WHAT IS BEING ASKED |
With the images removed, write out every line below exactly.

*** AVAILABLE DATA ***

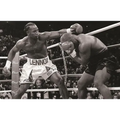 The Boxing Register: International Boxing Hall of Fame Official Record Book - Paperback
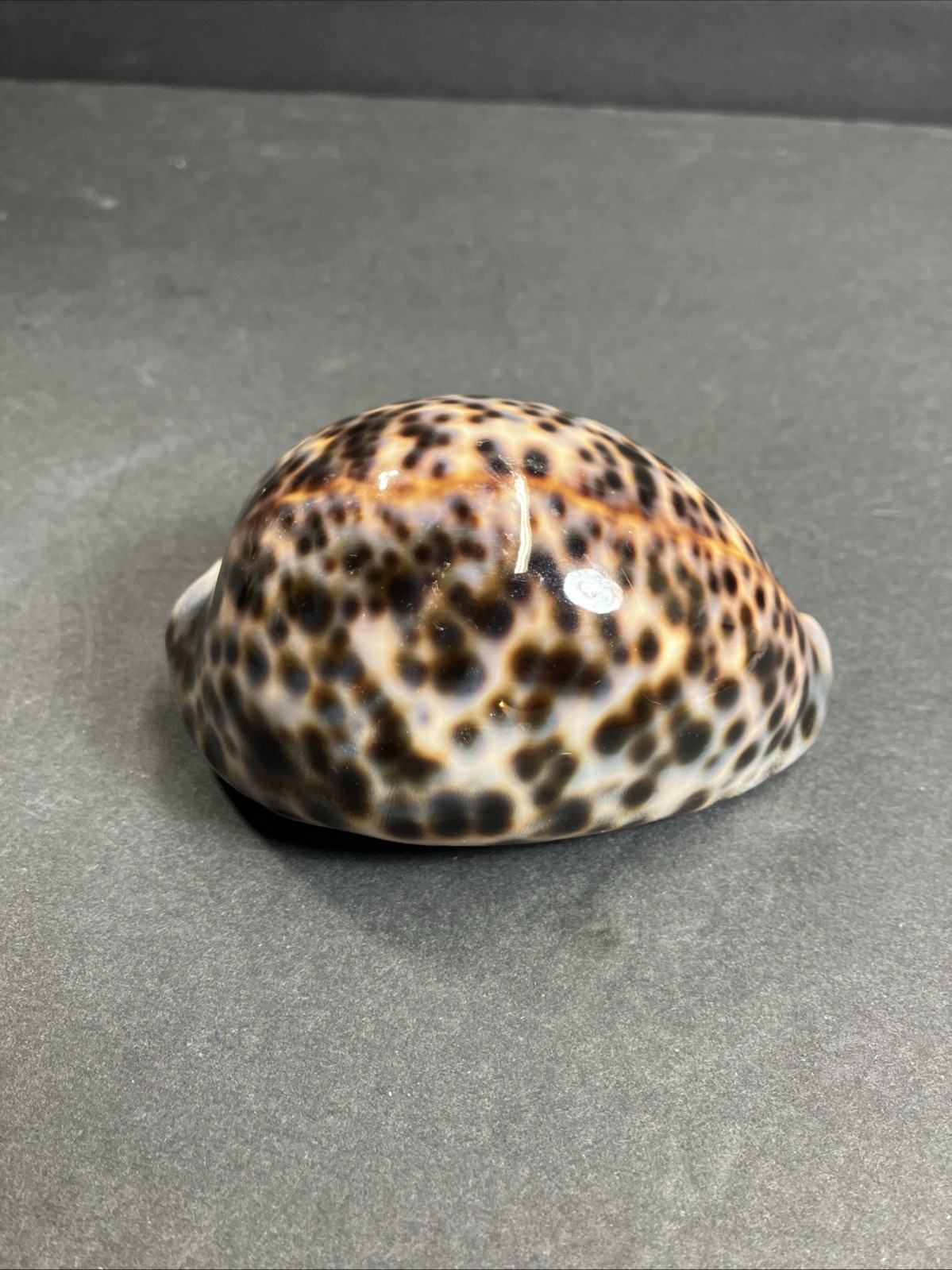 Tiger Cowrie-Cypraea Tigris Shell 3.75” – 9.5 Cm Long Nice Size And Color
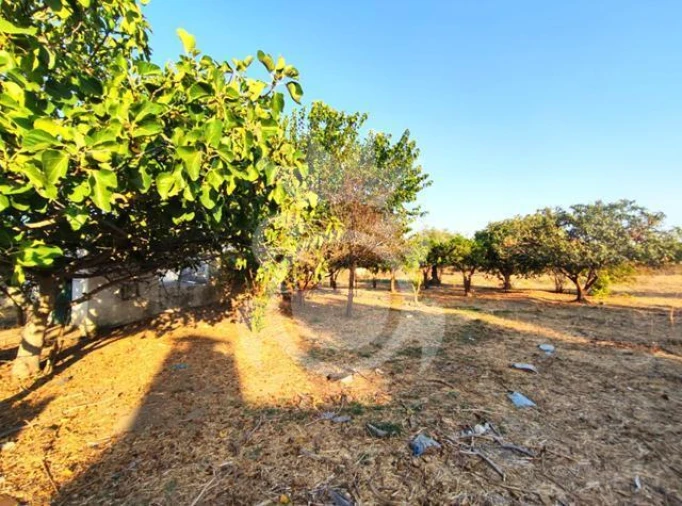 Quinta T2 para Venda em Reguengos de Monsaraz Foto 9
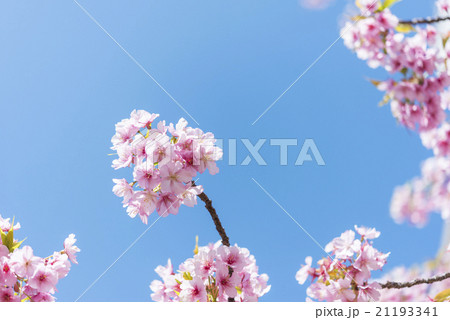 満開の緋寒桜 21193341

*** End of AVAILABLE DATA ***

PROBLEM SOLUTION |
 The Boxing Register: International Boxing Hall of Fame Official Record Book - Paperback
 Tiger Cowrie-Cypraea Tigris Shell 3.75” – 9.5 Cm Long Nice Size And Color
 Quinta T2 para Venda em Reguengos de Monsaraz Foto 9
 満開の緋寒桜 21193341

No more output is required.